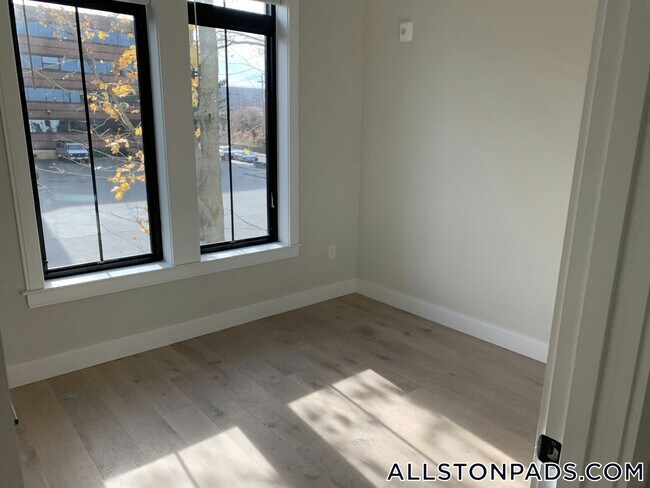 Photo - 157 Everett St Unit 202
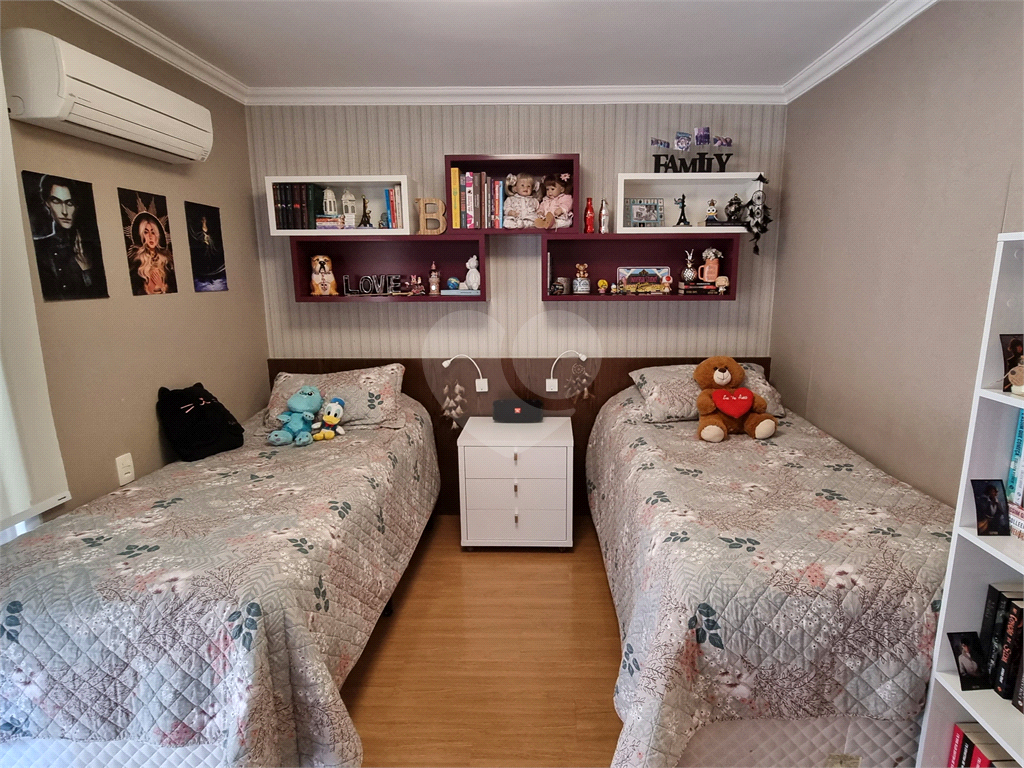 Apartamento amplo e totalmente reformado no Jardim São Paulo, um por andar.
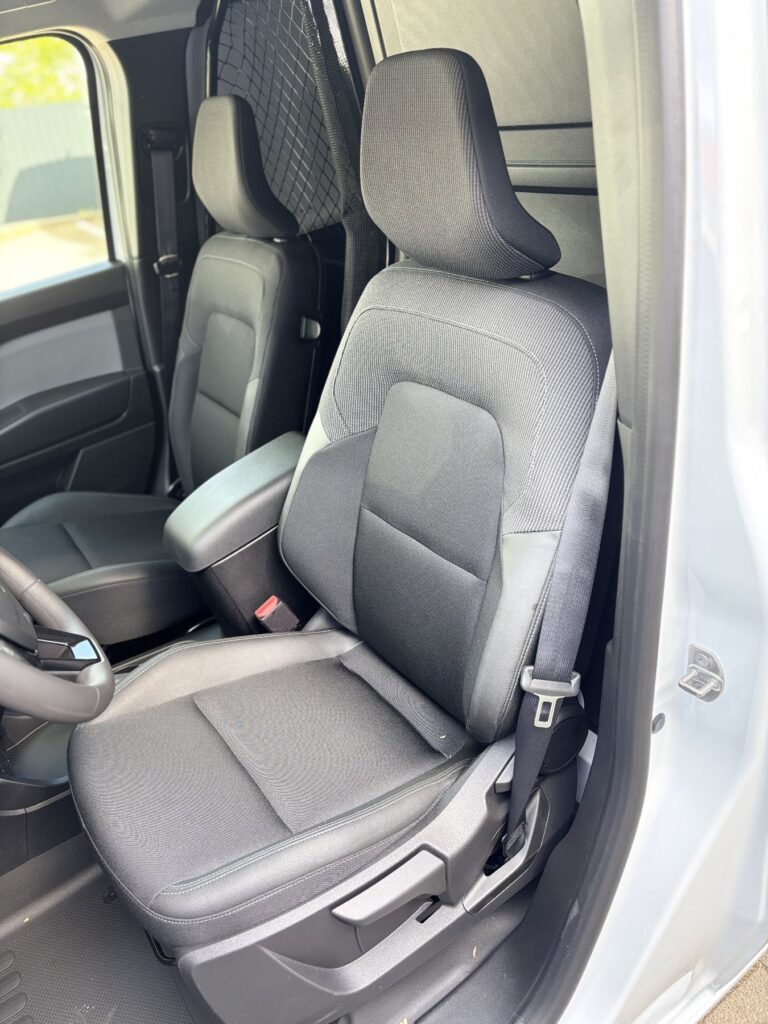 Renault Kangoo Exposé-Bild 23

# # # # #

Print the data above in full and exactly as it appears, skipping the pictures.

 Photo - 157 Everett St Unit 202
 Apartamento amplo e totalmente reformado no Jardim São Paulo, um por andar.
 Renault Kangoo Exposé-Bild 23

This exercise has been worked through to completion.